Approved Minimum Retirement Fund (AMRF) change
With effect from the tax year 2015 (1 January 2015), the beneficial owner of an AMRF may draw down up to 4% of the value of the assets of the AMRF each year, subject to taxation at the marginal rate. As things stand at the moment the only withdrawal allowed from an AMRF is limited to the income or gains from the investment of the original capital in the AMRF.
Chargeable Excess Tax on Standard Fund Threshold
The specified rate of chargeable excess tax of 41% is reduced in line with the reduction in the higher rate of income tax provided for in Budget 2015. This amendment takes effect from 1 January 2015.
This means that any capital value in excess of the Standard Fund Threshold (or Personal Fund Threshold if applicable) on retirement will be taxed at 40% (from 1 January 2015).
Other pension related changes
* Changes to how the Standard Fund Threshold works where there is a Pensions Adjustment Order in place so that the member and non-member spouse will share in an equitable manner any tax charge arising where the Standard Fund Threshold (or a Personal Fund Threshold if applicable) has been exceeded.
* Section 17 closes off a number of tax avoidance schemes that are linked to the use of ARFs and vested PRSAs (i.e. PRSAs where benefits have commenced to be drawn down). These changes take effect from 23 October 2014
* Section 63 implements the VAT decision in relation to defined contribution pension funds in the ATP Pension Services ECJ Judgement
The Bill will now be debated by both houses of the Oireachtas and is due to be enacted before the end of 2014. Further changes may be made during this time.
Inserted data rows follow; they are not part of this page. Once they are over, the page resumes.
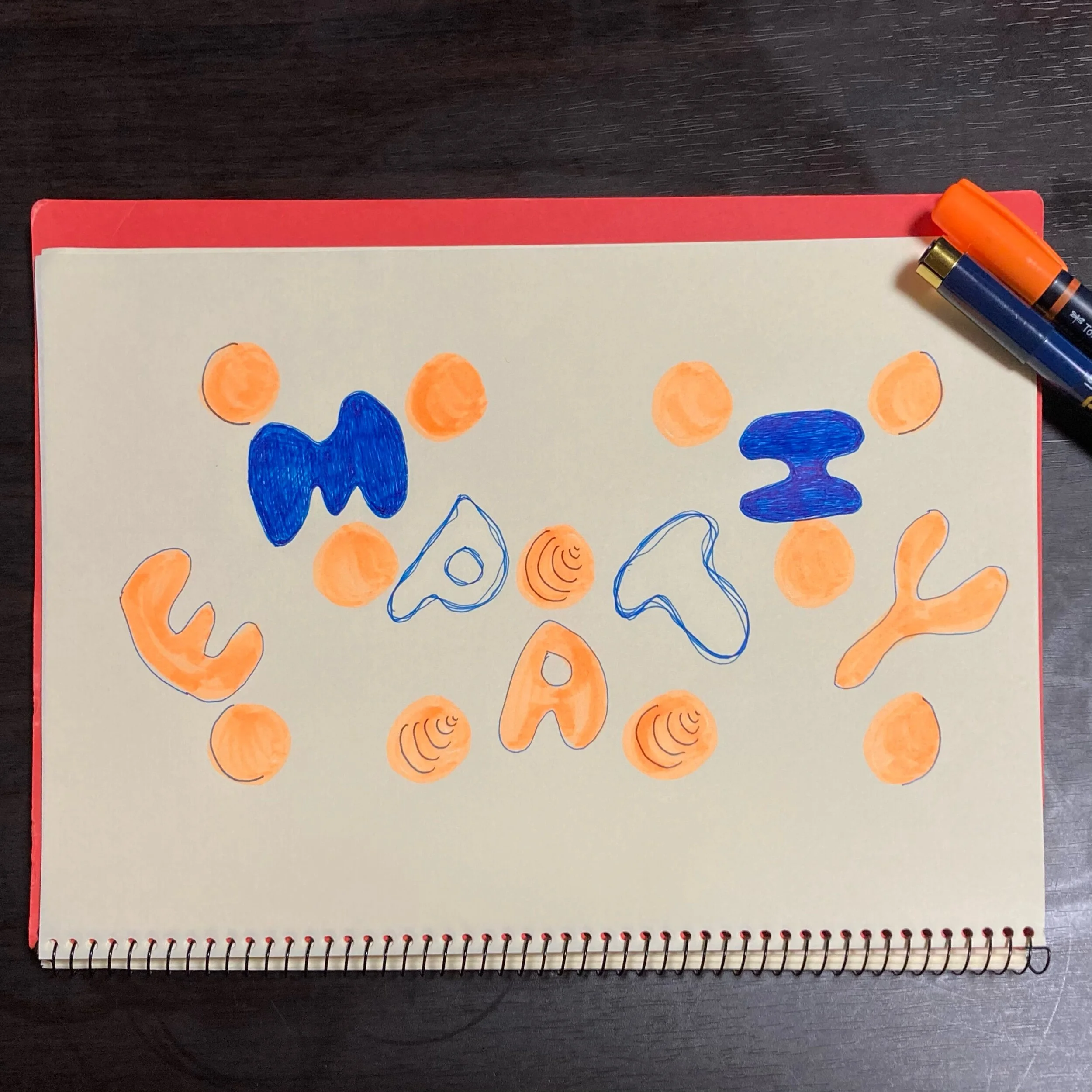 Illustrated Journaling For Inktober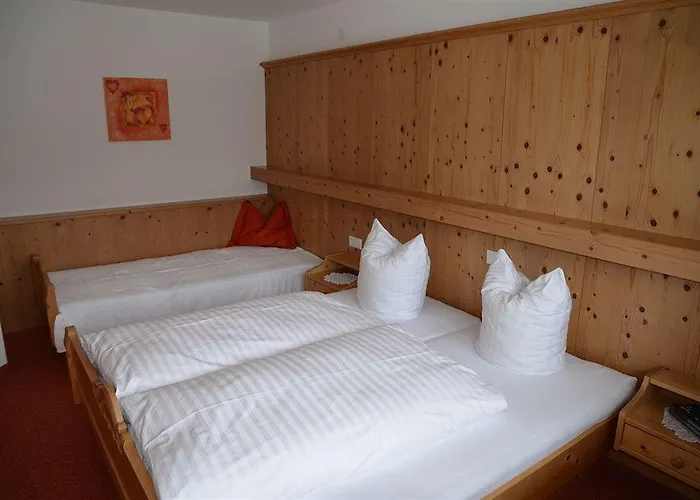 Apartmenthaus Bader Lägenhet *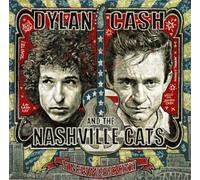 Various Artists Dylan, Cash and the Nashville Cats: A New Music City (CD) Album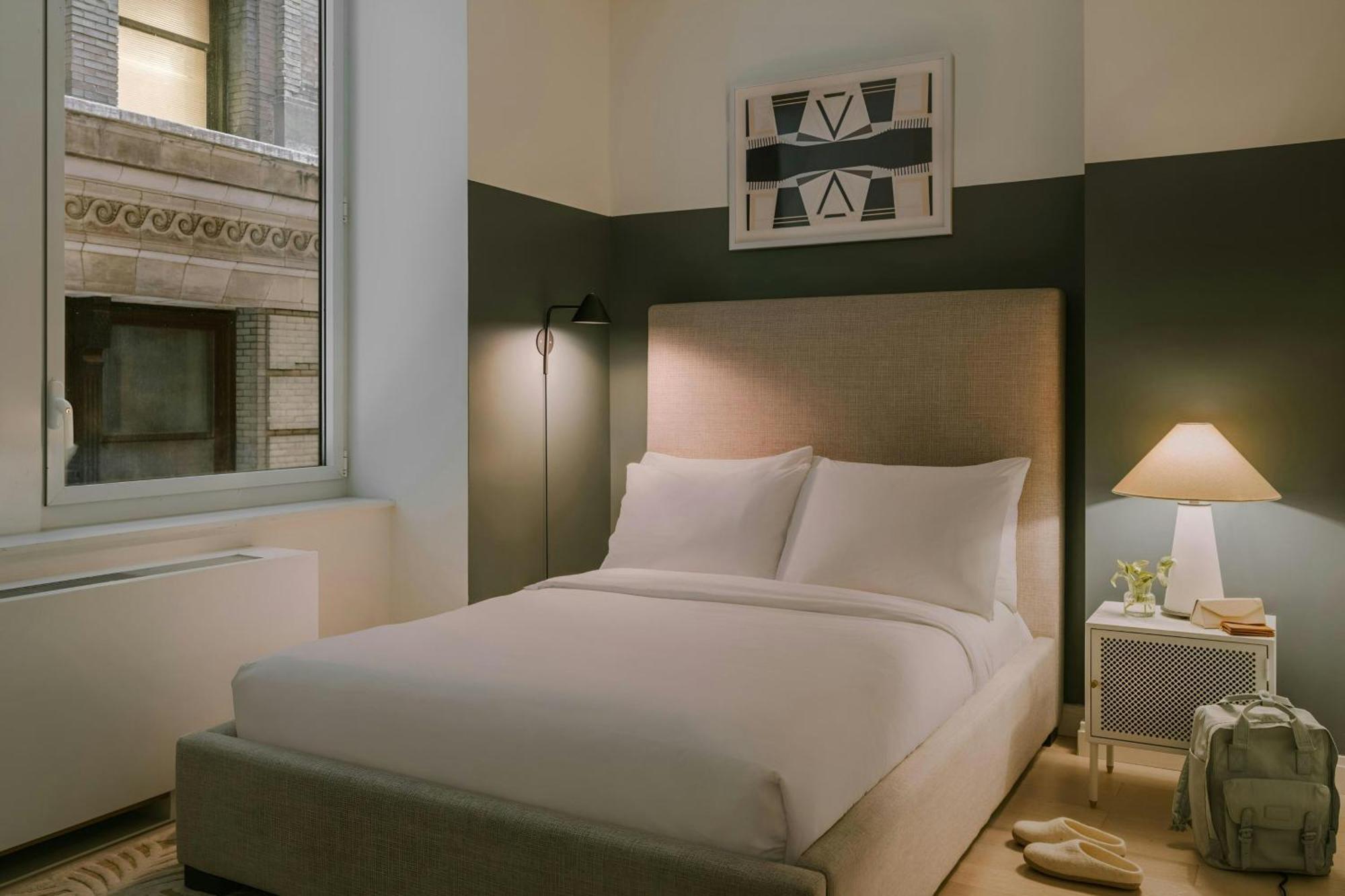 Sonder By Marriott Bonvoy Battery Park Apartments Financial District New York City Exterior photo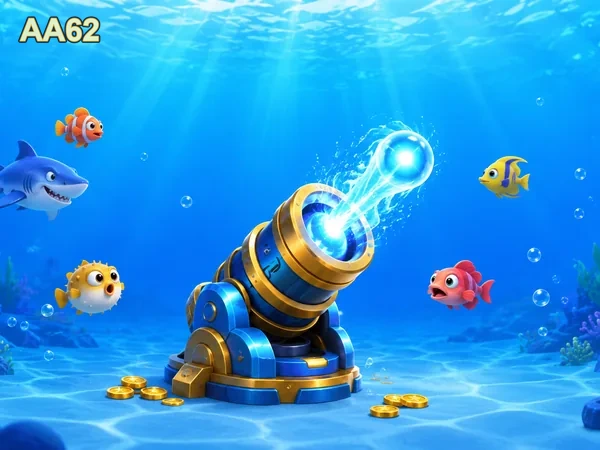 Pratinjau All-Star Fishing 4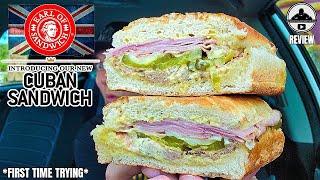 Earl Of Sandwich® Cuban Review!  | 1st Time Trying! | theendorsement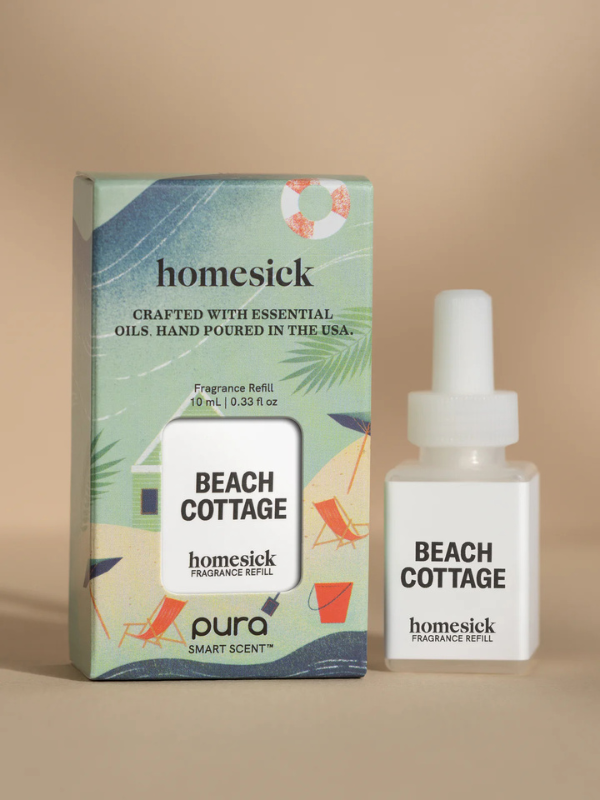 Beach Cottage Pura Scent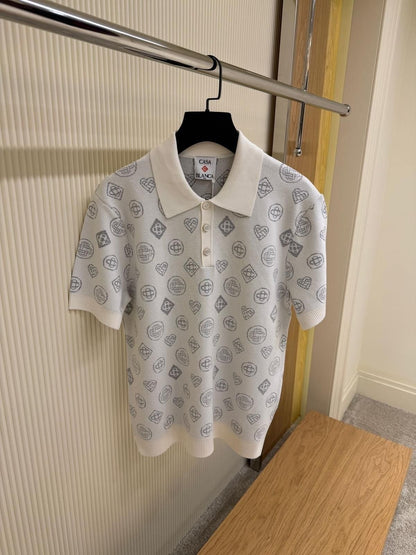 Casablanca Polo Shirt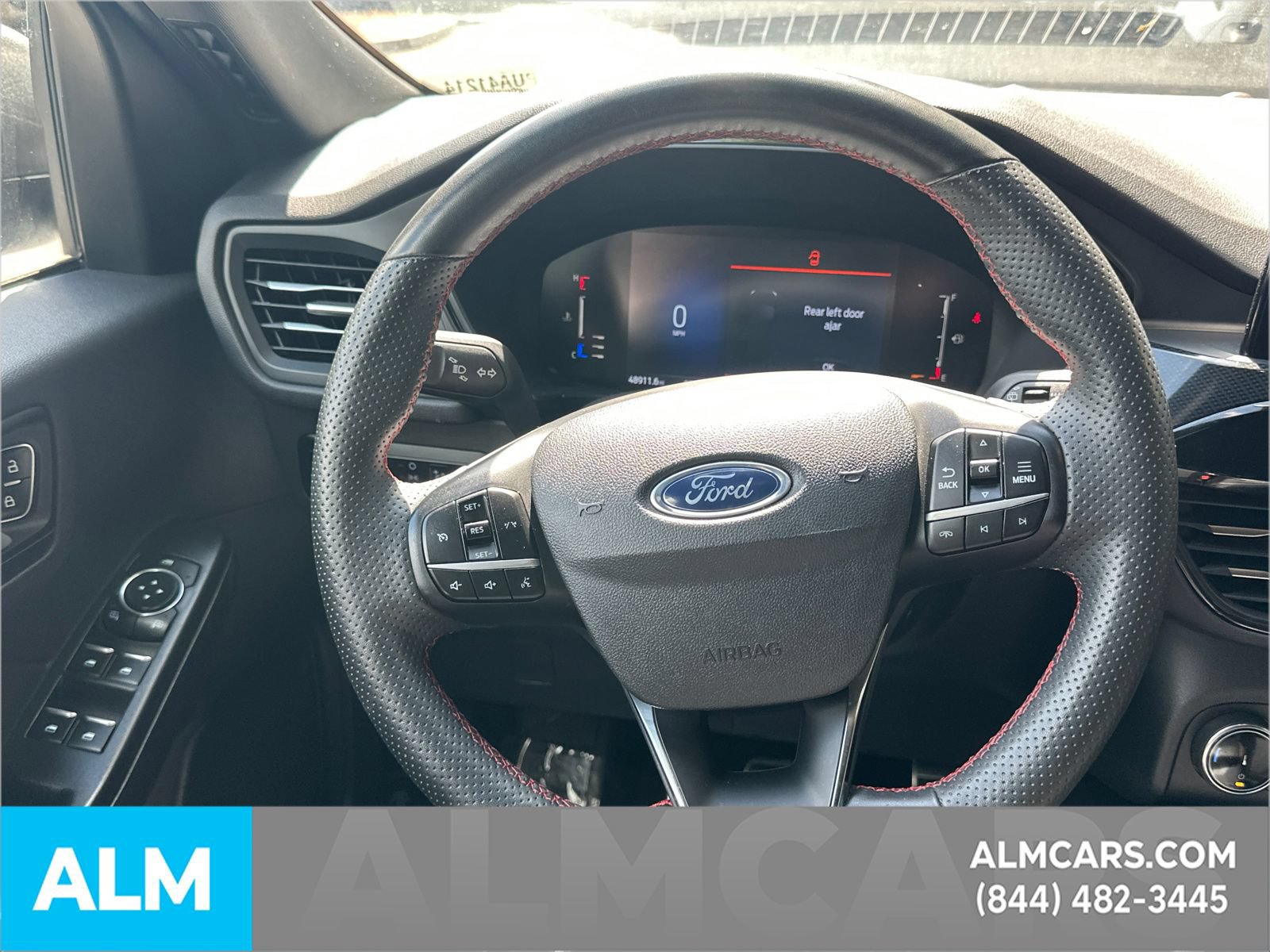 Certified 2023 Ford Escape ST-Line FWD image 28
This information is intended only as a general guide and not as a detailed analysis. In the interests of brevity and clarity, detailed information may have been omitted which may be directly relevant to an individual’s or an organisation’s circumstances. The information is provided “as is” without warranties of any kind, express or implied, including accuracy, timeliness and completeness. It should not be used as a substitute for appropriate professional advice. In no event shall New Ireland or its employees be liable for damages whatsoever, arising out of or in connection with the information provided in this publication.